Notice that unlike the arithmetic mean and the median, there is no guarantee to have a defined value for the mode. In fact, there could be multiple values for it (e.g. in a uniform distribution).

Below, a very simplistic JavaScript function to identify the mode of a collection is given:

export function mode(values) {
  const counts = new Map()

  for (const x of values) {
    if (!counts.has(x))
      counts.set(x, 0)
    counts.set(x, counts.get(x) + 1)
  }

  let current = { c: 0 }, unique;
  for (const [x, c] of counts.entries()) {
    if (c === current.c)
      unique = false
    else if (c > current.c) {
      current = {x, c}
      unique = true
    }
  }

  return unique ? current.x : null
}

Dispersion

Dispersion is another important concept in statistics. Intuitively, it measures how spread or variable a probability or frequency distribution is.

Dispersion can be measured with a number; the higher the dispersion, the more spread the distribution is.

Range

Perhaps the most simple and easy way to measure dispersion is using the range dispersion.

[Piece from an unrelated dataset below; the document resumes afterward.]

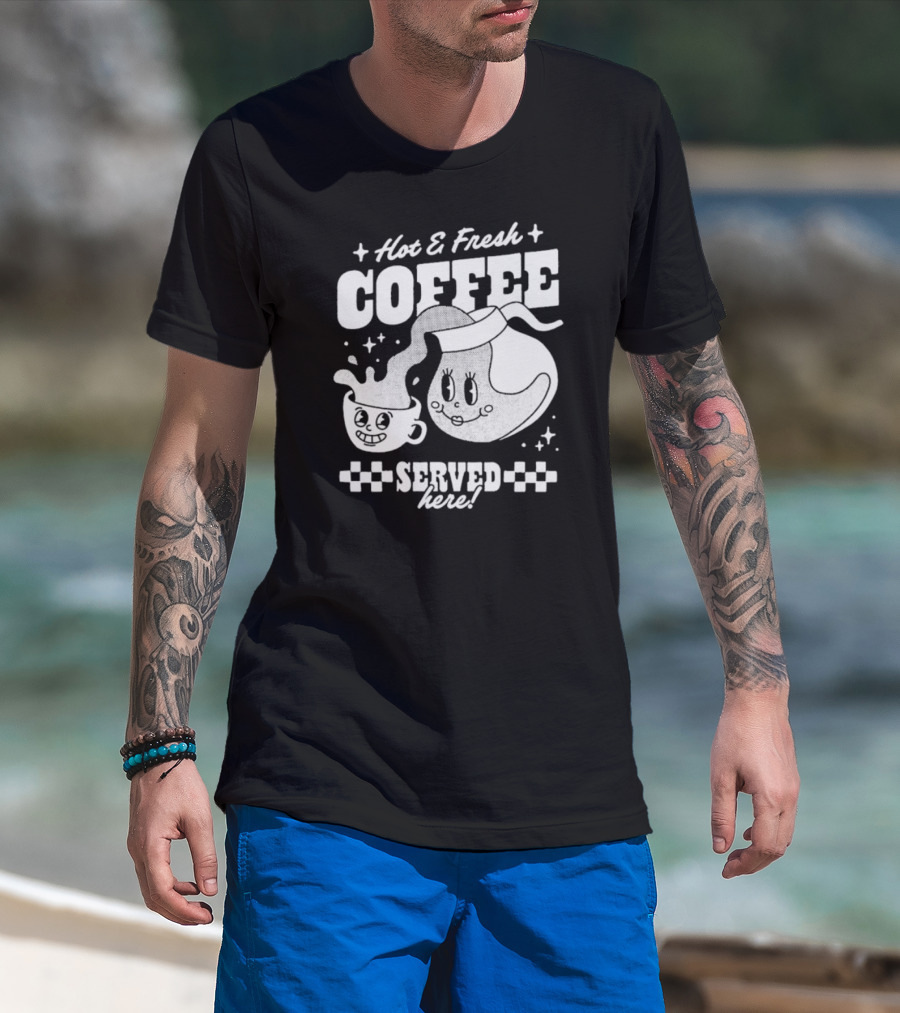 Hot And Fresh Coffee Served Here Retro Cartoon T-Shirt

Range dispersion is defined as follows:

$$ d_{\text{range}} = \max_i x_i - \min_i x_i $$

Below, we give a basic JavaScript function to compute the range dispersion of a set of samples:

export function dispersion_range(values) {
    return Math.max(...values) - Math.min(...values)
}

Variance

A very common way to measure dispersion is computing the variance, which is defined as follows (for a known population, not for a theoretical distribution):

$$ \sigma^2 = \frac{1}{n - 1} \sum_{i=1}^n (x_i - \mu)^2 $$

The variance can be easily computed in JavaScript:

export function variance(values) {
  const mu = mean(values)
  const sum = values.reduce((acc, x) => acc + Math.pow(x - mu, 2), 0)
  return sum / (values.length - 1)
}

Standard deviation

The standard deviation immediately follows from the definition of variance as it is defined as its square root:

$$ \sigma = \sqrt{\sigma^2} $$

The standard deviation is an important measure in statistics, as it is, for example, a key parameter of the Normal distribution.

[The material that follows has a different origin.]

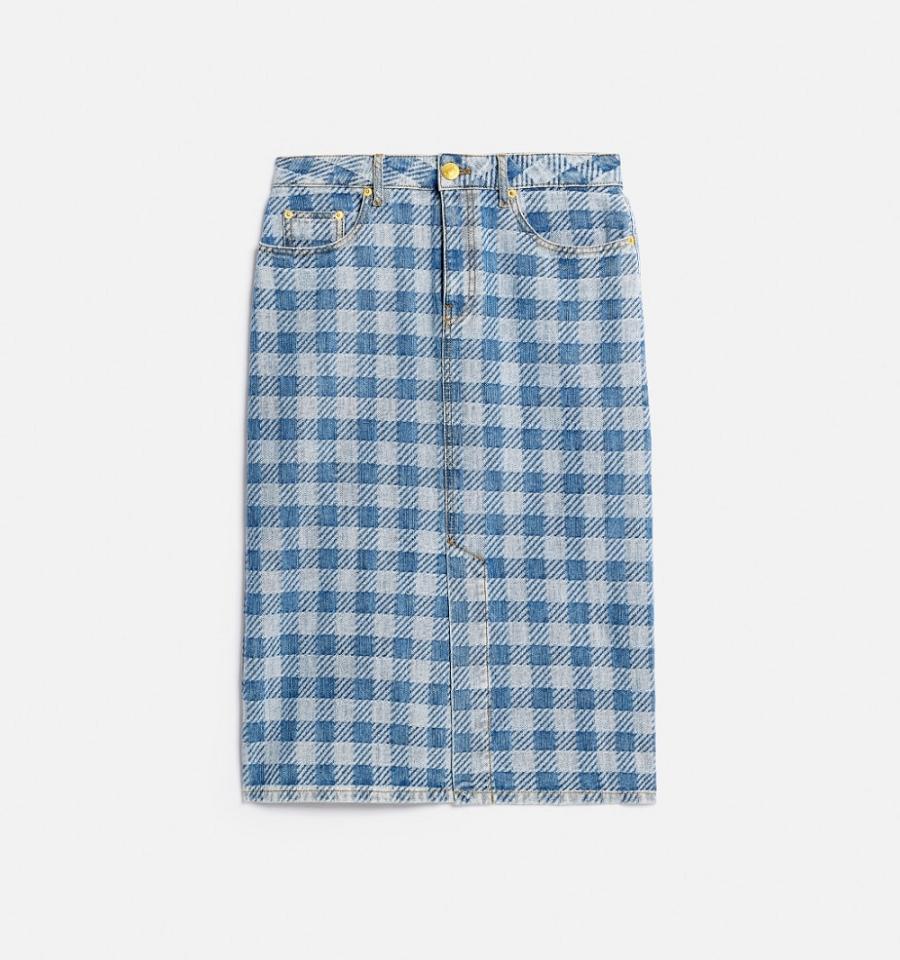 Denim AMI PARIS Gingham Pattern Jacquard Pencil Albastri | ami_RO582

Also given the code we just gave, computing the standard deviation in JavaScript is straightforward:

export function standard_deviation(values) {
    return Math.sqrt(variance(values))
}

Conclusions

We explored the concepts of location and dispersion in statistics, giving some preliminary theoretical notions.

We also gave definitions and JavaScript implementations of the most used location and dispersion metrics, such as mean and variance.